Joining POI and non-POI datasets with Placekey

This tutorial will teach you how to join POI and non-POI datasets with Placekey using Python in a Google Colab environment.

Our POI dataset is a subset of SafeGraph Places, which contains info on all POIs in San Francisco. Our non-POI dataset contains the latitude/longitude coordinates for all parking meters in San Francisco.

The goal of this tutorial is to get you familiar with the process of joining POI data with non-POI data on Placekey, including the limitations and considerations to be aware of.

Check out the Google Colab notebook for this tutorial so you can access the code and run it for yourself!

Getting Started

Before moving forward, make sure you are familiar with Placekey. There are a growing number of resources available:

Imports and Installations

In the first code block, we install the Python Placekey package in our Google Colab environment and import the necessary packages.

!pip install placekey

from placekey.api import PlacekeyAPI
import placekey as pk
import pandas as pd
from ast import literal_eval
import json
from google.colab import drive as mountGoogleDrive 
from pydrive.auth import GoogleAuth
from pydrive.drive import GoogleDrive
from google.colab import auth
from oauth2client.client import GoogleCredentials

Expected output:

Authentication

Run this code block to authenticate yourself with Google, giving you access to the datasets.

auth.authenticate_user()
gauth = GoogleAuth()
gauth.credentials = GoogleCredentials.get_application_default()
drive = GoogleDrive(gauth)
print("You are fully authenticated and can edit and re-run everything in the notebook. Enjoy!")

Expected output:

Set API key

Replace the asterisks below with your Placekey API key. If you don’t have one yet, it’s completely free.

# placekey_api_key = "*****************" # fill this in with your personal API key (do not share publicly)

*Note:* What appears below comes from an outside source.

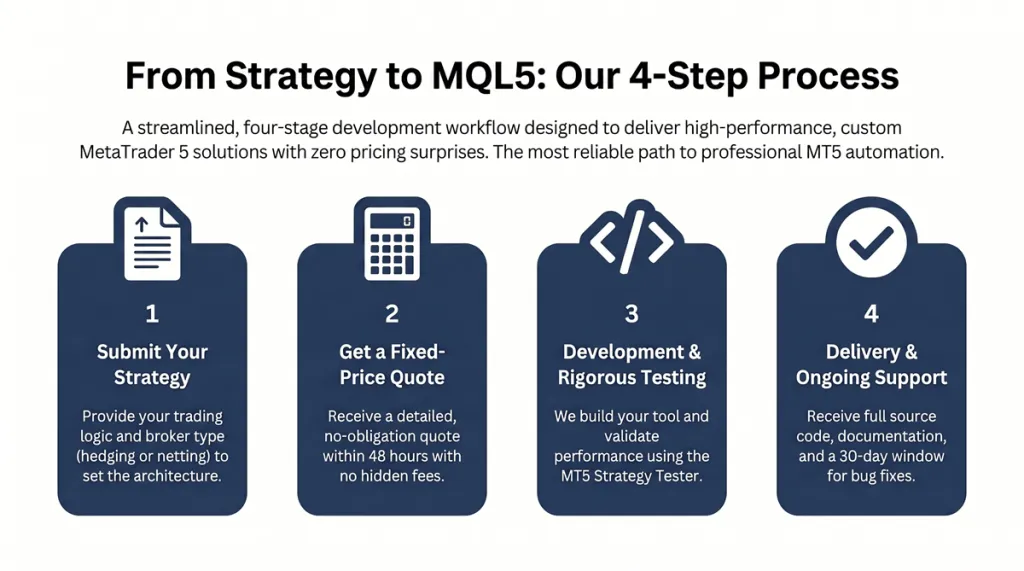 Four-step MT5 programming process: submit strategy, receive fixed-price quote, development and testing, delivery with support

pk_api = PlacekeyAPI(placekey_api_key)

Datasets

This tutorial uses two datasets: SafeGraph Places and San Francisco Parking Meters.

Define functions

First, define a couple functions to make it easier to read in the datasets.

def pd_read_csv_drive(id, drive, dtype=None, converters=None, encoding=None):
  downloaded = drive.CreateFile({'id':id}) 
  downloaded.GetContentFile('Filename.csv')  
  return(pd.read_csv('Filename.csv',dtype=dtype, converters=converters, encoding=encoding))

def get_drive_id(filename):
    drive_ids = {'parking-meters' : '1tWZfxyo6_IqKdxegDwX0RRiVk870w5dn',
                 'sf-places' : '15cR78gPEoLNgJlWqimbjmnaUCUsw9GhW',
                 }
    return(drive_ids[filename])

Read datasets

The Places dataset contains info about all POIs in San Francisco. This particular version of Places is from the October 2020 release. Column descriptions and more information can be found in the docs.

sf_places = pd_read_csv_drive(get_drive_id('sf-places'), drive=drive, dtype={'naics_code': str, 'postal_code': str, 'poi_cbg' : str})
print(sf_places.shape)
sf_places.head(3)

Expected output:

The San Francisco Parking Meters dataset comes from DataSF. It was pulled on January 10, 2021. When we read the data in, we're filtering to just a few columns.

meters = pd_read_csv_drive(get_drive_id('parking-meters'), drive=drive)[['OBJECTID','LATITUDE','LONGITUDE','ORIENTATION']]
print(meters.shape)
meters.head(3)

Expected output:

Adding Placekey to meters dataset

As can be seen above, SafeGraph Places comes with a Placekey column built-in. The Parking Meters dataset, on the other hand, does not have a Placekey column, so we need to add Placekeys to that dataset. There are several ways to add Placekeys to a dataset (including some no-code integrations!), which you can find on the Placekey website. In this example, we will use Python’s Placekey package.

Map columns to appropriate fields

In this step, the columns are renamed to conform to the Placekey API. More specifically, OBJECTID is mapped to query_id, LATITUDE is mapped to latitude, LONGITUDE is mapped to longitude.

def get_df_for_api(df,
                   column_map = {
                       "OBJECTID": "query_id",
                       "LATITUDE": "latitude",
                       "LONGITUDE": "longitude"
                       }
                   ):
  df_for_api = df.rename(columns=column_map)
  cols = list(column_map.values())
  df_for_api = df_for_api[cols]
  df_for_api['iso_country_code'] = 'US'
  return(df_for_api)

meters['OBJECTID'] = meters['OBJECTID'].astype(str)
df_for_api = get_df_for_api(meters)
df_for_api.head(3)

Expected output:

‍

Convert the dataframe to JSON

Each row will be represented by a JSON object, so that it conforms to the Placekey API.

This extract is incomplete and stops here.